During a strike at a plant in the Bay area, the LWU was active in arranging baby-sitting for the workers’ wives so they could attend the union meetings, etc. And we worked out a communications system and code for notifying each other about mobilizations at the various strike scenes in the area.

The LWU has held workshops on workplace organizing, organizing in the schools, and organizing child care centers. At the first workshop held last fall, few of us had done enough mass work to be summarized and criticized.

At the most recent one, women from six different areas around the Bay had been involved in organizing child care centers.

And our contacts with each other – with other women sharing common goals – made it possible for the women in the various groups represented in the LWU to get together with women from still other groups and put together the International Women’s Day rally in the Mission District of San Francisco, a rally which emphasized the “liberation” part of women’s liberation. At this rally women from the Black Panther Party, Los Siete de la Raza, United Asian Women, Bay Area high schools, the San Francisco hospital workers’ strike, Newsreel, and the Bay Area Revolutionary Union spoke and sang about proletarian revolution.
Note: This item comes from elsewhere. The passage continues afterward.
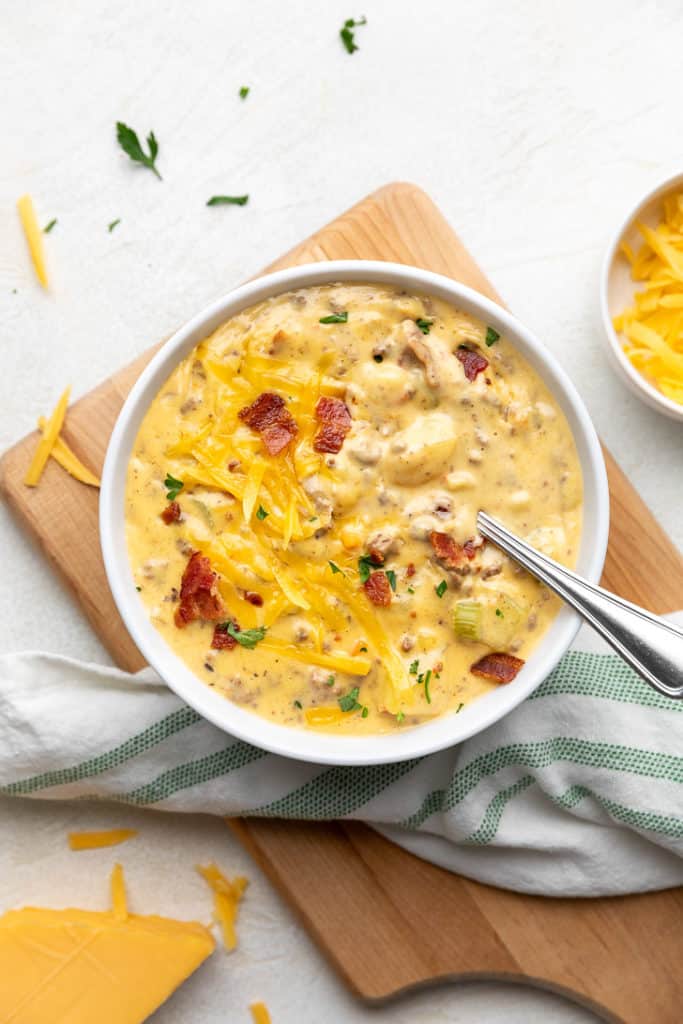 Top down view of a bowl of cheesy bacon cheeseburger soup with a spoon.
It is this kind of direction that the LWU has been able to help develop. It seems clear that it is important to form organizations that bring together women from different groups who are working in the same direction: to organize working class women to combat male supremacy and male chauvinism through concrete action around issues which affect women in particular and through participation in the liberation struggles of all people.